**WHAT IS REQUIRED**
No pictures, everything else exact: set down the entries in full.

━━━━━━━━━━━━━━━━━━━━━━━━━━━━━━

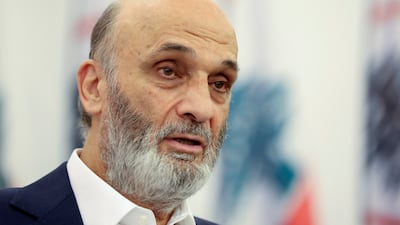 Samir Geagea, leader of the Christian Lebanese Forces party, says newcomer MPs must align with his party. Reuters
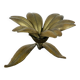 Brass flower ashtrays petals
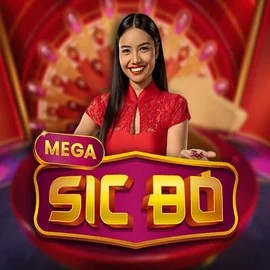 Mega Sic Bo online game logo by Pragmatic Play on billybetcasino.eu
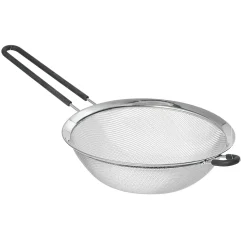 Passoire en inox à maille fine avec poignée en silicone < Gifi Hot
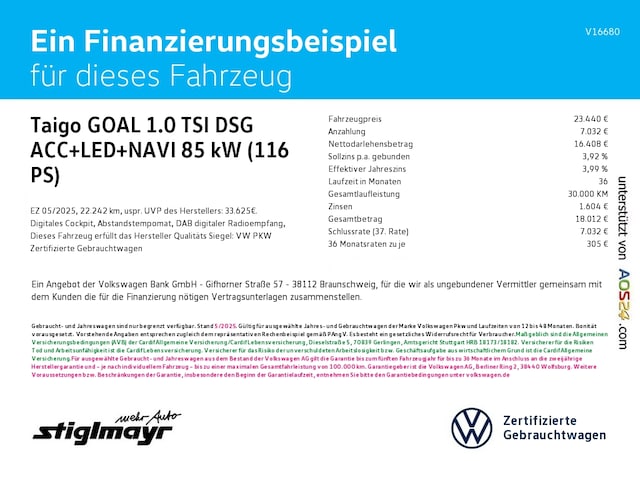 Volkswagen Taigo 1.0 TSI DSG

━━━━━━━━━━━━━━━━━━━━━━━━━━━━━━

**PROBLEM SOLUTION**
 Samir Geagea, leader of the Christian Lebanese Forces party, says newcomer MPs must align with his party. Reuters
 Brass flower ashtrays petals
 Mega Sic Bo online game logo by Pragmatic Play on billybetcasino.eu
 Passoire en inox à maille fine avec poignée en silicone < Gifi Hot
 Volkswagen Taigo 1.0 TSI DSG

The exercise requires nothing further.